There are two that spring quickly to mind at my home courses, Kittyhawk GC, in Dayton, OH.
Falcon, No. 11. This stupid hole is 256 yards and that's roughly 25 yards longer than my best drives ever go. It's a par-save at best before I even tee it up. Plus, if I get the idea to cream the ball, there is OB with the Eagle course on the left side.
Eagle, No. 8. I call this the "Moat Hole". I'm not sure a single hole has caused my more pain over the years. It's a pretty mundane-sounding 150 yards, but has a massive hazard that covers the entire front three sides. For what-ever reason, I hook my tee shot into the left portion of the hazard nearly 75% of the time. Plus, if the wind is up, it's straight in your face on this hole. Lots of rounds on this course tend to come off the rails right here.
I'm painfully short, but on one scorching August day the fairways at Kittyhawk were harder than Wagoner Ford Rd. on the other side of the fence. I hit a perfectly adequate drive on No. 7 of the Eagle course and watched the ball hop, skip and roll straight down the middle. For the first time before or since, I hit a PW to that green and birdied it. So I'd estimate about 290 total, but probably only 230 carry.
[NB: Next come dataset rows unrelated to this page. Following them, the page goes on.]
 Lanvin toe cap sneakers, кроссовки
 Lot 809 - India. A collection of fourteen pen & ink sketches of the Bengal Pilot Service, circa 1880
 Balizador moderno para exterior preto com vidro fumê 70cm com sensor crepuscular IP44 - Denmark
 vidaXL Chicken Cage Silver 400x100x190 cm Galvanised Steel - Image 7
If players were allowed to repair spike marks then some would state that every perceived imperfection on a putting green was an "old" spike mark and tap them down on their line of putt: (a) giving them a advantage, and (b) significantly slowing up play. The spike mark solution is simple: (1) After you putt out, tap down all spike marks in the vicinity of the hole so that all of the following groups won't have any interference by them. (2) Pick up your feet.